Mikova Johnson will soon start rehearsing for her role as Polly in the Depot Theatre production of John Gay’s The Beggar’s Opera, which opens its four-week run in October. Earlier this year, in conjunction with a recital Mikova Johnson performed at Boscobel, Philipstown.info profiled her. The following is an excerpt from that interview:
With its carpets of forests, castles, spires and medieval towns, the Czech Republic has long been associated with fairy tales, and there is indeed a fairy-tale quality to Mikova’s life as she relates it — a fairy tale filled with the requisite speed bumps and rewards. Born when her country was under communist rule, she was 10 years old when the government fell. Knowing early on that she wished for a career in opera, at age 14 she entered a six-year program at the Janacek Conservatory in Ostrava.

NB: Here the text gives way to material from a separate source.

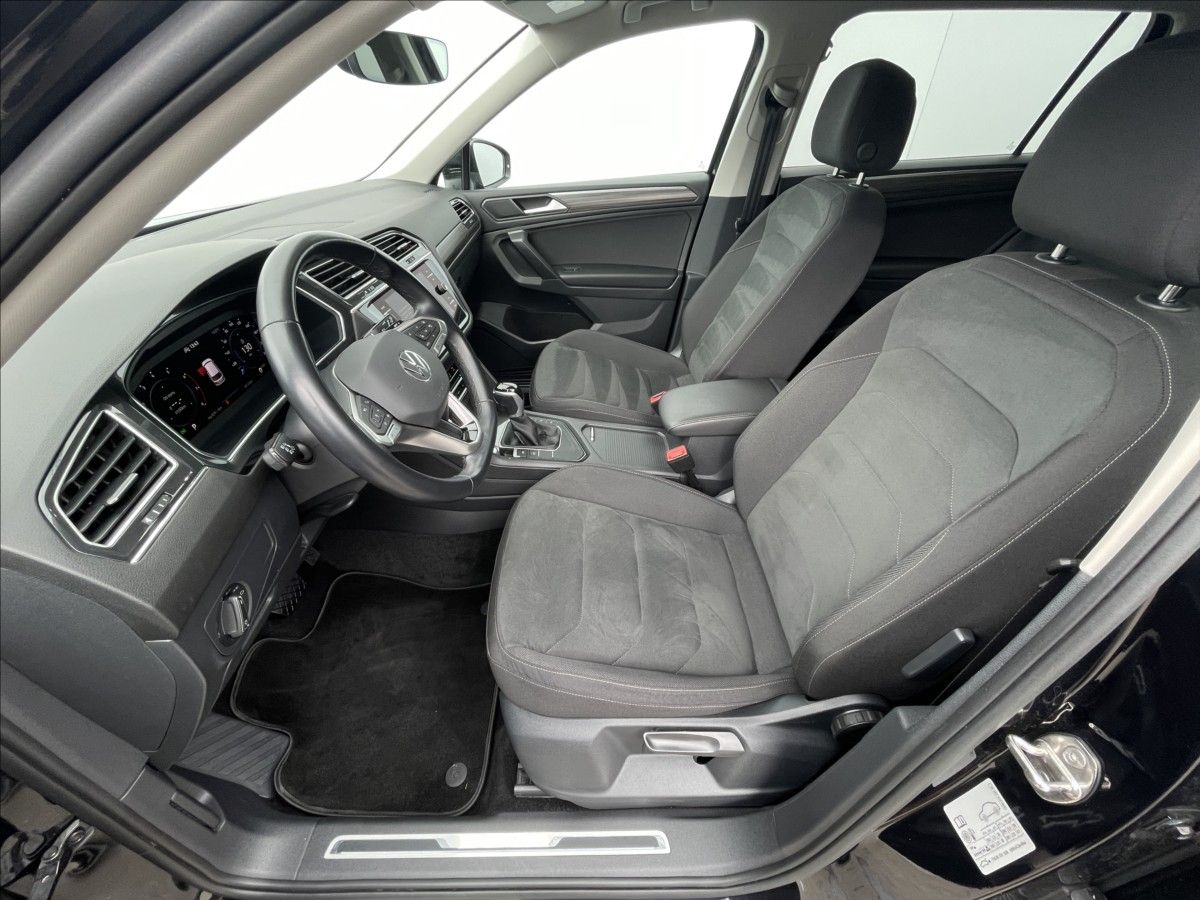 Volkswagen Tiguan Allspace, 1,5 TSI DSG Elegance ACC+PDC - fotka 4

As she describes it: “Things were changing really slowly. We were finally getting information from ‘outside,’ but our schools were still in disarray and our singing coaches weren’t great. I went into the Conservatory with a voice and came out without one in some ways, but I did study voice, piano and theory.” …
After shifting her focus to also include light opera and musical theater, Mikova found work in the city of Brno, performing Leonard Bernstein’s Mass with the Brno Philharmonic Orchestra and then traveling through Spain and Portugal with a production called Golden Broadway, “designed to amuse people during fiestas — we visited villages, all over. As part of it I had to sing a duet from Phantom of the Opera, which had a very high note, and I was worried about hitting it. A friend suggested I try a new vocal coach, this Russian singer. I thought ‘What can I lose? I can’t sound more horrible than I do now!’ ”
This coach led Mikova back to opera, re-educating her technically. Mikova was then hired as a soloist by a light opera company, located at the Tyl Theatre in another Czech city, Plzen, “really great — wonderful roles, I liked the city and lived right near the brewery!” Her roles then provided her with some of the components of her current repertoire, works from Offenbach (Orpheus in the Underworld), Strauss, and the Czech-born operetta composer Rudolf Friml, including Rose Marie and The Vagabond King. …
For the next few years, Mikova continued with her engagement with the light opera theater in Plzen, where she had the leads in three or four productions each year, and, under the European system, was paid for a full year but had summers free. Those summers saw her journeying to the Hudson Valley, where her American boyfriend, Stephen Paul Johnson, was performing each season with the Hudson Valley Shakespeare Festival. …
Mikova says that coming to live in New York and essentially starting over again is not necessarily harder than the career path she was forging before, as “it’s hard in the arts everywhere. Unless you’re at the very top, it’s basically survival money everywhere. There I was performing but also teaching voice, traveling back and forth. As a teenager I wanted to sing at the Met, La Scala. Now, having done a lot of touring in Europe, I know it’s not so glamorous. I’m now more modest in my expectations, but, it’s a beautiful, rewarding job when it comes out right.”
To make it “come out right” here, Mikova has had to re-do the technique she learned from her Russian coach, heeding the advice of noted New York coach Gerald Moore, who has worked closely with Renee Fleming. …
In addition to a change in technique, Mikova has now had her range assessed as lyric soprano, as compared to her former category of coloratura (slightly higher).
“My coach tells me I should sing the character of my voice,” she says, adding: “It can be hard to find it. This is the experience of a lot of singers; finding that coach — the right coach — so many of my colleagues are desperate to. If you find your vocal character, you can stretch yourself later. … With good coaching there are so many opportunities here.”